First step using cutting pad and cutting compound, is not using enough speed and moving to fast and not letting the buffer do the work.
Proper speed will mean the paint is heated to 110-120 degrees.
Next mistake with this step is stopping before every wetsand scratch is out.
Once every scratch is out the next most important thing you will do is slow the buffer down maybe 10% and go over the panel until all your dry compound and hazy glaze from the compound is gone so it looks like you have washed the panel and dried it. This step is what removes swirl marks for good.
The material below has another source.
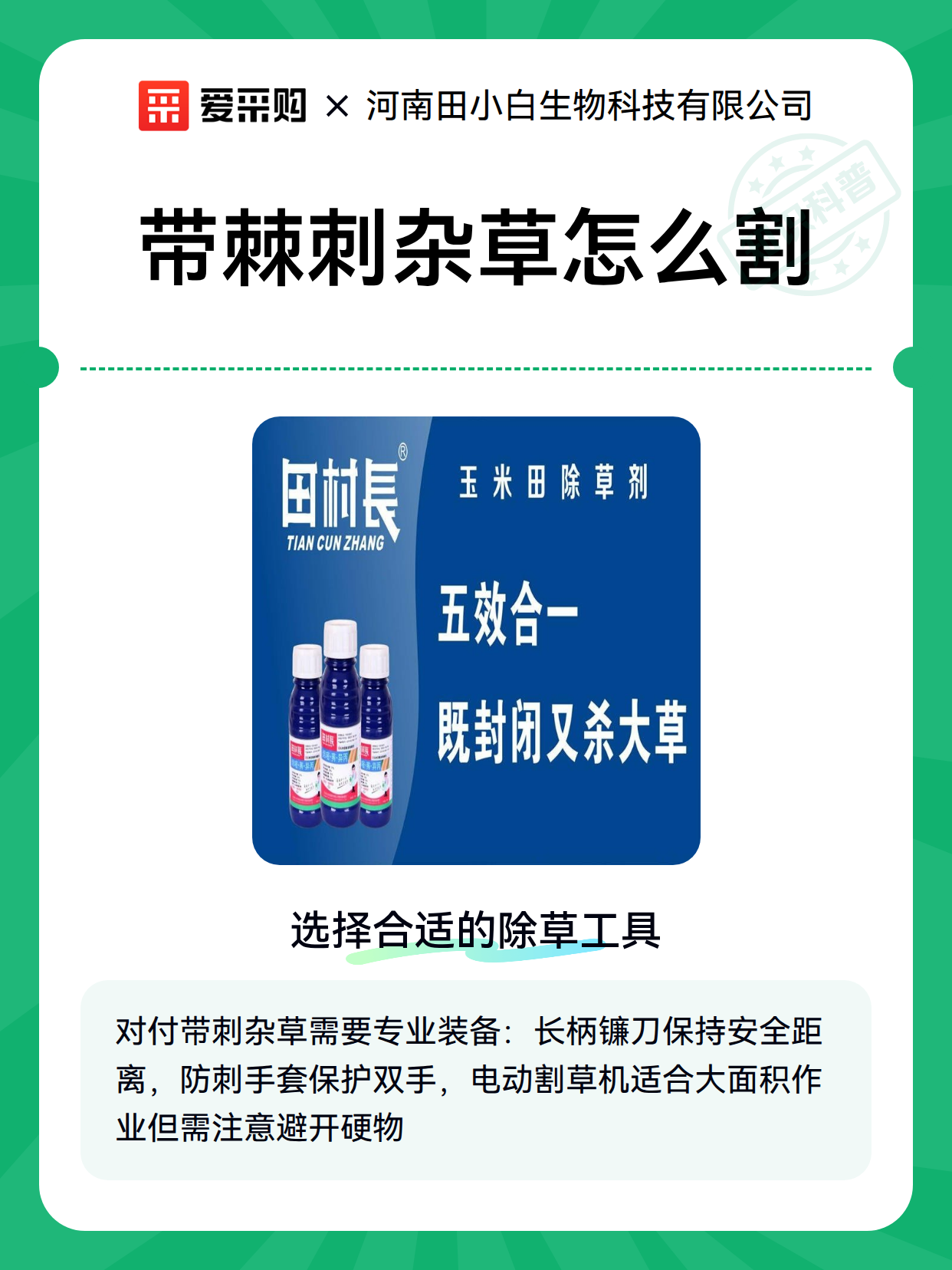 带棘刺杂草怎么割（图1）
Next go to your medium pad and say 1500 compound (for comparison)
Slow the buffer down say 10-20% and here again let the buffer do the work and also again when done keep going over the panel until all the dried compound and glaze is gone and panel is perfectly clean.

At the end of this step you should not have ANY swirl marks and if it is everyday collision work that is your last step.

For the show jobs we go further of course.
I refuse to pay $100+ a gallon for 3m so I have no idea how it works and if that compound will not give the above results its time to fine a new system.

How to test your results?
If you think the swirl marks are gone then wash the panel with wax and grease remover, if swirls show up then you did not buff right and the swirls were filled with glaze and glaze will wear off in a week or two so you might as well find out now.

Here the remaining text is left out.